Darren hasn't had an easy year. His parents divorced, his brother left for college, and his best friend moved state. Also, he still doesn't have a girlfriend. Then his dad shows up at 6am with a glazed chocolate donut and a pretty world-shaking revelation. In full freak-out mode, Darren ditches school and jumps on a bus to visit his brother, Nate, at college. But someone weird / amazing comes along for the ride. Told entirely in lists, this hilarious novel perfectly captures why having anything to do with anyone is: 1. painful 2. unavoidable 3. ridiculously complicated 4. possibly, hopefully, the right thing after all.
Todd Hasak-Lowy is the author of Me Being Me is Exactly as Insane as You Being You, which was published in the UK by Simon and Schuster last week. I'm halfway through it and enjoying it so far - it's all written in lists, which makes for a very interesting reading experience!

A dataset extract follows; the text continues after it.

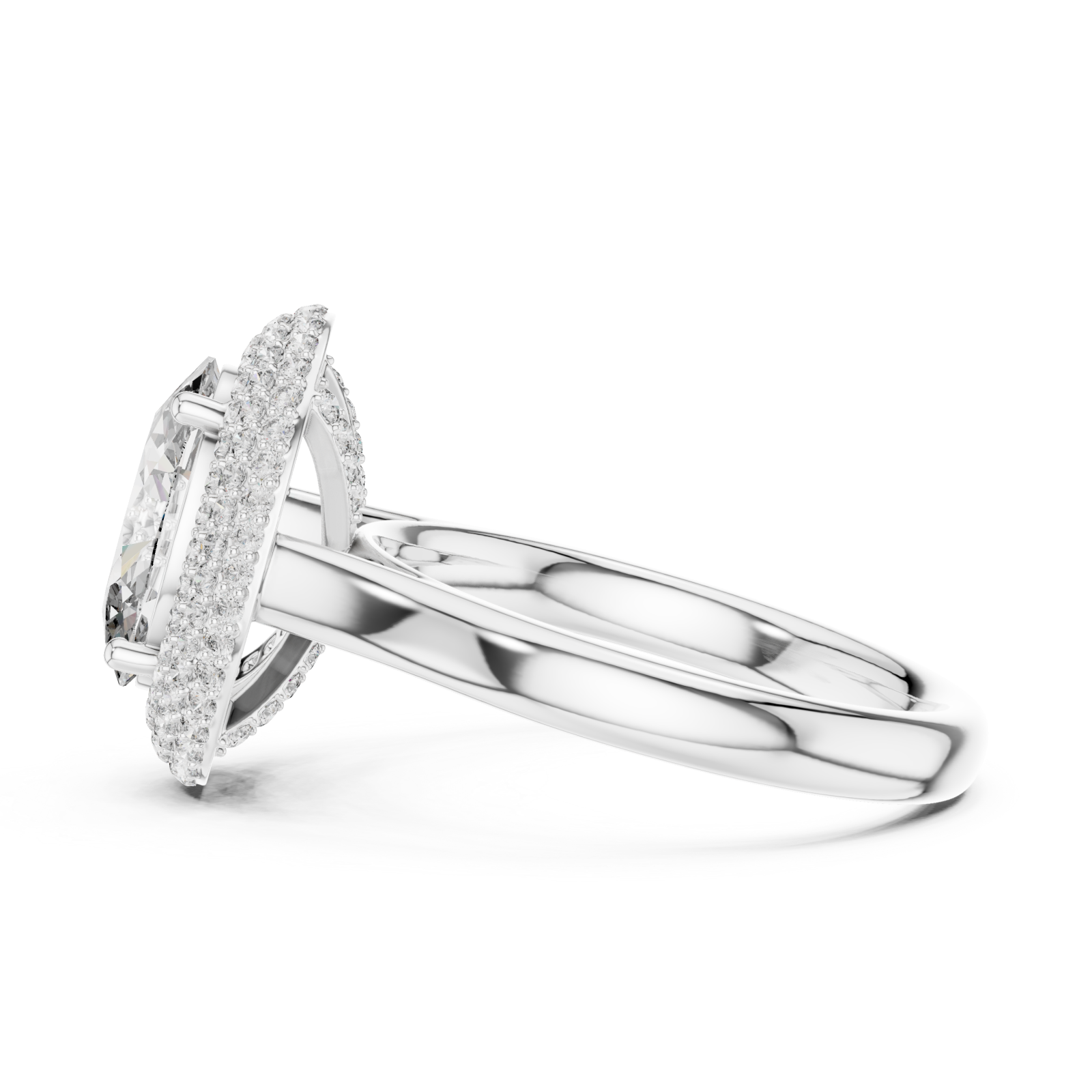  White Gold Infinite Horizon Elevation Statement Ring Side View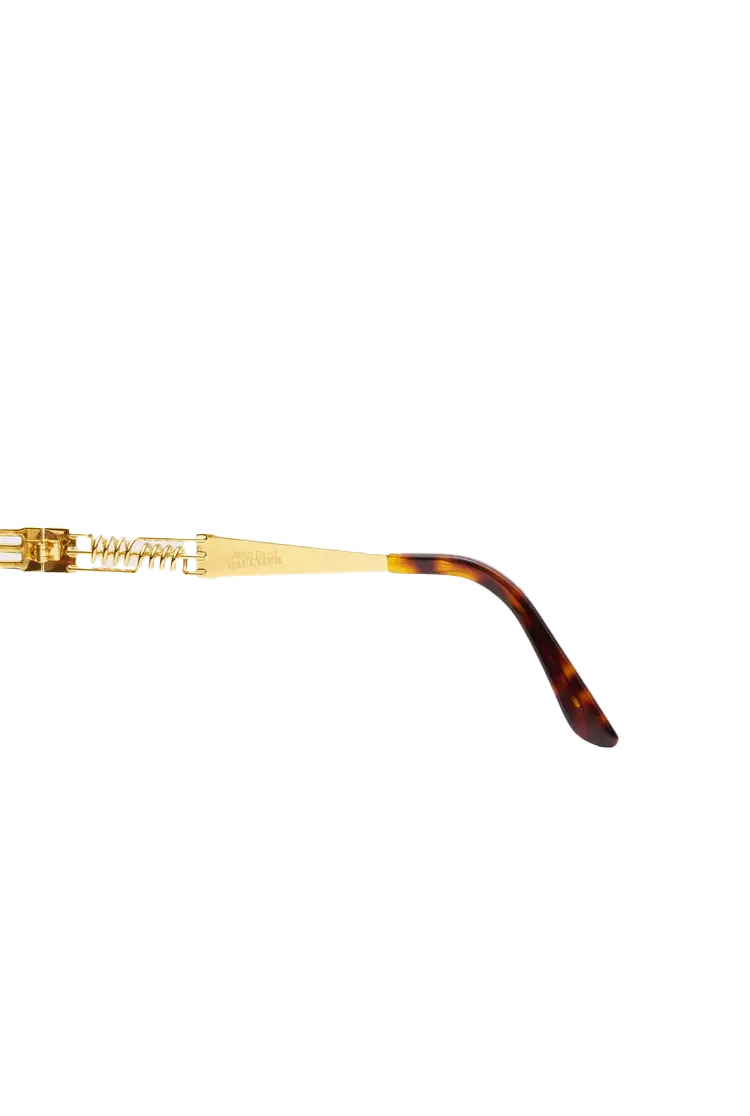 Jean Paul Gaultier Double Ressort 'The 56-6106' Sunglasses Gold - 3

Thanks to Todd for writing this post for me!
7 Impressions and Opinions Todd has of London and England in General, these based on two short visits that took place 25 years apart
1. Street signs in London are exactly 400 times more interesting in their appearance than their counterparts here in the US.
2. I know that drivers sit on the other side of the car in the UK than they do in the US and that, therefore, cars drive in the opposite direction on two-lane roads. But somehow when crossing the street I can never seem to recall what this means or where to look. So when crossing not at a traffic light, I look both ways, put my head down, and sprint, while praying for my survival.
3. Free art museums are a beautiful thing.
4. 11% of my brain (a part that overlaps considerably with the 13% of me who’s an idiot in general) likes to believe that no one in England actually has a British accent, but rather that these awesomely odd voices are produced solely for my entertainment.
5. Related to #4, I spent an afternoon in 1988 in Liverpool. I couldn’t for the life of me understand a word any of the locals said. Nevertheless my friends and I kept looking for excuses to ask them questions, because when they responded it sounded like we were talking to obscure members of The Beatles.
6. On that same trip, I was told I needed to pay for a packet of ketchup at a fast food restaurant. As a result, I held a grudge against the entire United Kingdom until 2006, when I finally put this trauma behind me.
7. There will never, ever be a better term for an underground train than “the Tube.”